I have no idea how to effectively critique.

Usually when somebody wants me to go over a piece of their writing, they have a question about grammar, or they just want me to quickly “fix” it so that it’s readable. They are far less interested in learning how to improve the artistry of their writing than they are in getting it done, ideally as painlessly as possible.

I always come at a piece of writing with the reader in mind. What do they need to know? What are they likely to know already? Do they have the technical background to understand the scientific gobbledegook, or does it need to be simplified for clarity? Is there a story? How can we tell the story so that it is interesting? If we need to illustrate a concept or process, can we find a story that’s relevant to tell? Are there any photographs? Are there any interesting photographs? Are there any photographs of something other than the same technician standing next to the same very expensive piece of equipment that is in all the other photographs from all the other projects?

I have rarely critiqued fiction, at least for another person. I do keep a journal of most of the books I have read, and what I thought about them (only some of these reviews end up on Goodreads). There are some books to which I wrote love letters. There are some to which I wrote hate mail. And there are some that I only finished reading because mocking all their flaws was so much fun [0].
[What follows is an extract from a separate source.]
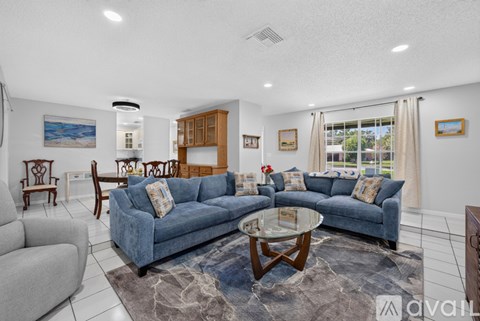 A living room with a blue couch and a coffee table.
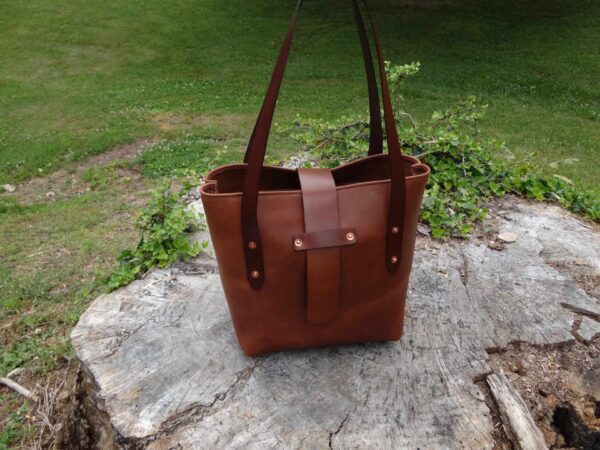 A brown leather bag sitting on top of a rock.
I’m trying to get better at writing an informative, tantalizing book review, but like my fiction, most of my efforts are nowhere near ready for prime time. In my mind, a good book review tells you three things about the book: whether it’s the sort of book you would be interested in reading on general principles, whether the author knows how to write a story or present information, and whether the darned thing is any fun to read.

A lot of my book reviews, the ones that don’t make it to Goodreads, consist of the simple observation: “Did not pass the fifty page test.” The fifty page test is simple— if you have read the first fifty pages and aren’t interested in the rest of the book, stop reading because why waste your time? Like an OK but not exciting blind date, this book was not for you. It is a book that just happened to pass through your orbit on its way to its One True Reader [1]. I’m willing to give a book fifty pages to prove itself; some use a thirty page test, or half a chapter test.

If I have read a book all the way through, whether it enthralled me or enraged me, I’ll usually write a review [2]. Many of these reviews are posted on Goodreads, particularly if they’re positive, if somewhat banal. If I post a negative review, it will be in the spirit of a warning: “Hot romance until you get to the rape scene.” “I liked it until one of the characters turned out to be flamingly yet unnecessarily racist.” “While I appreciate the author’s effort, I wanted a bit of light entertainment, not a hard slog through a surrealist stream of consciousness.” “I suddenly realized I read this book last year; it’s that forgettable.” “Why did you write a book where all the characters are stupid AND venal?” [3]

So yeah, I have opinions. I’m just not sure how to express them constructively.

[0] Oprah’s Book Club selections tend to fall into this latter category. Oprah and I have very different ideas what makes a good book.
[1] Some books, like some dates, are just plain bad.
[2] The exception is if the book was so forgettable that I can’t remember what I liked about it. It’s weirdly common.
[3] Actual descriptions of books I have actually read.